> [EXERCISE INSTRUCTIONS] Make an exact copy of the entries, taking out every picture.

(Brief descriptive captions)
* * * * *

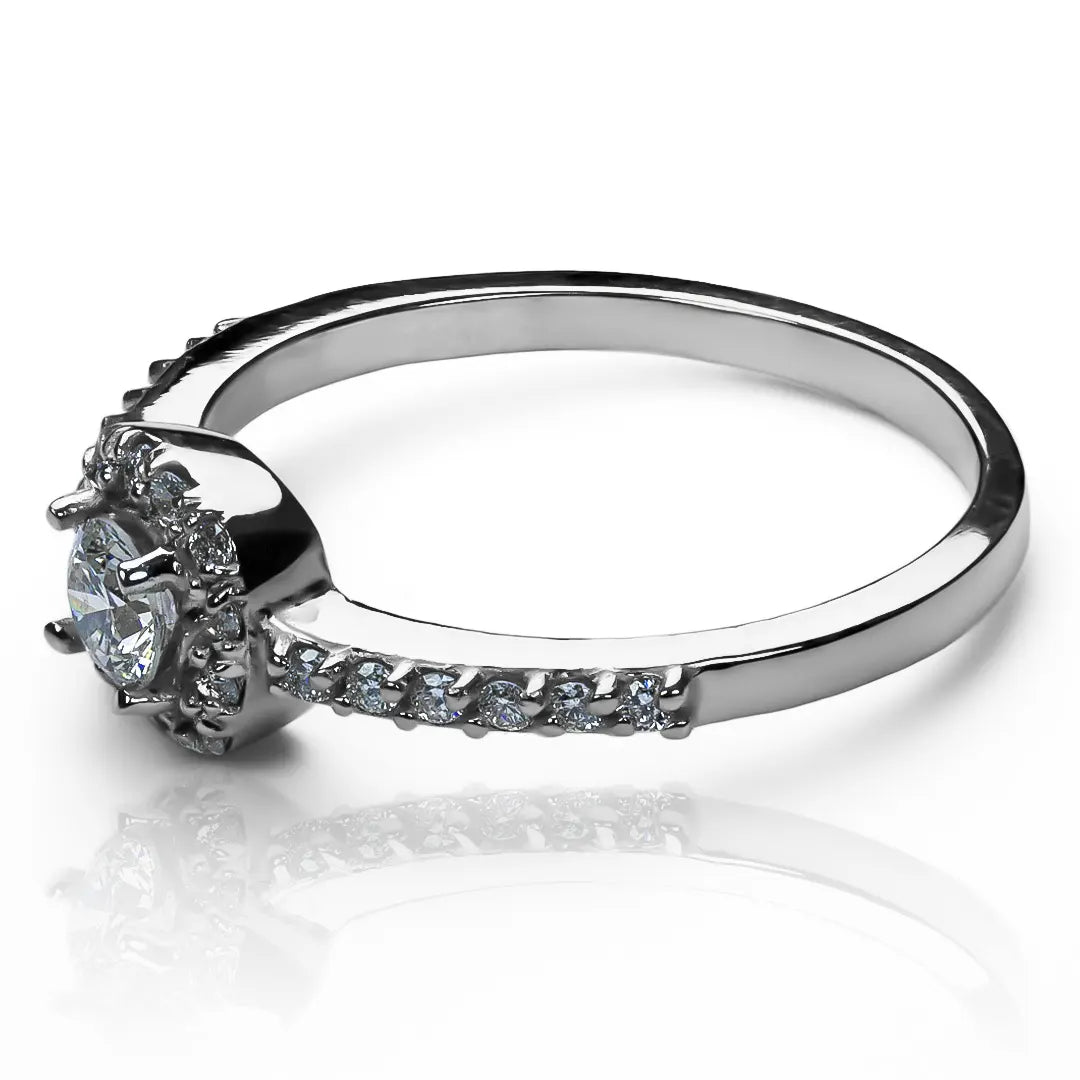 Anillo de compromiso tián ring. Hecho con oro 18k de Joyería Caracas y viene con certificado de calidad y garantía de por vida.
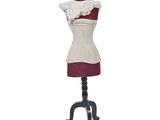 une photo d'un mannequin portant un haut blanc et une jupe rouge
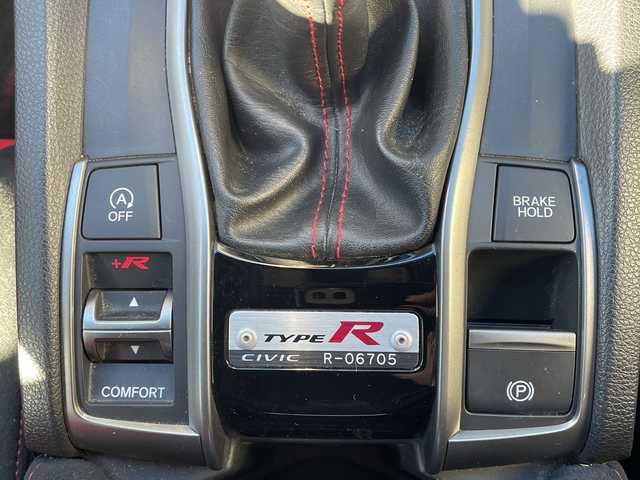 ホンダ シビック タイプR 愛知県 2018(平30)年 5.8万km チャンピオンシップホワイト /ワンオーナー//純正メモリナビ(VXM-185VFi)/(フルセグTV/DVD/Bluetooth/SD)/(AppleCarPlay/MusicRuck/iPod)//クルーズコントロール//ビルトインＥＴＣ//360°ドライブレコーダー(Yupiteru S10)//バックカメラ//プッシュスタート//スマートキー//スペアキーx1//ＬＥＤヘッドライト//フォグランプ//電動パーキングブレーキ//ブレーキホールド//純正フロアマット//純正ドアバイザー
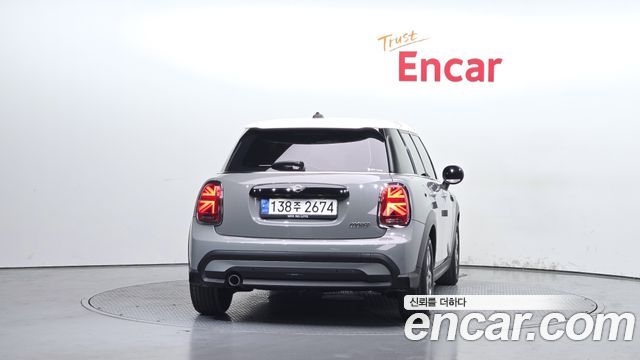 Mini Cooper 2022 — photo 4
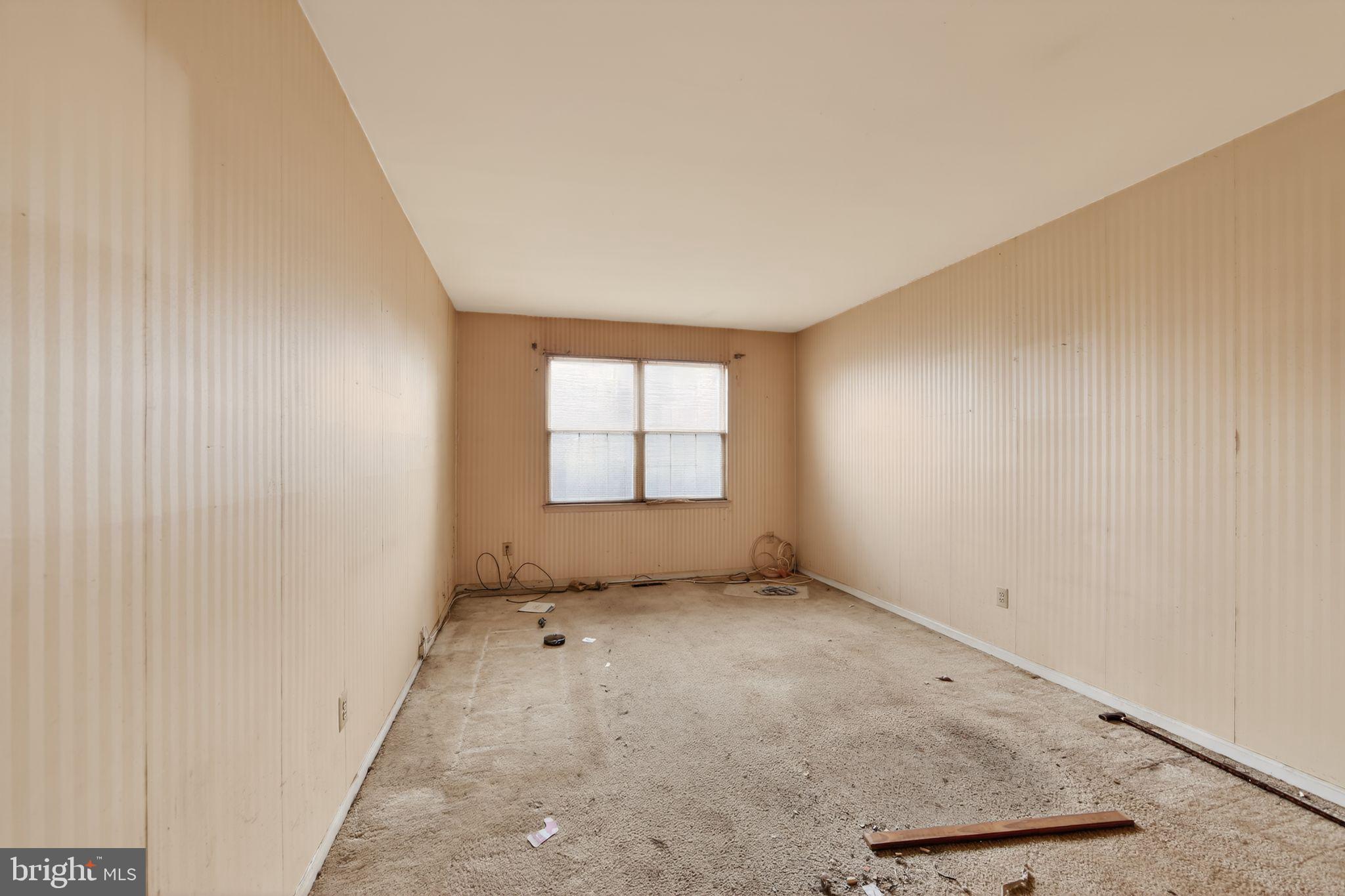 FOX KNOLL - Residential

* * * * *

> [SOLUTION TO THIS EXERCISE]
 Anillo de compromiso tián ring. Hecho con oro 18k de Joyería Caracas y viene con certificado de calidad y garantía de por vida.
 une photo d'un mannequin portant un haut blanc et une jupe rouge
 ホンダ シビック タイプR 愛知県 2018(平30)年 5.8万km チャンピオンシップホワイト /ワンオーナー//純正メモリナビ(VXM-185VFi)/(フルセグTV/DVD/Bluetooth/SD)/(AppleCarPlay/MusicRuck/iPod)//クルーズコントロール//ビルトインＥＴＣ//360°ドライブレコーダー(Yupiteru S10)//バックカメラ//プッシュスタート//スマートキー//スペアキーx1//ＬＥＤヘッドライト//フォグランプ//電動パーキングブレーキ//ブレーキホールド//純正フロアマット//純正ドアバイザー
 Mini Cooper 2022 — photo 4
 FOX KNOLL - Residential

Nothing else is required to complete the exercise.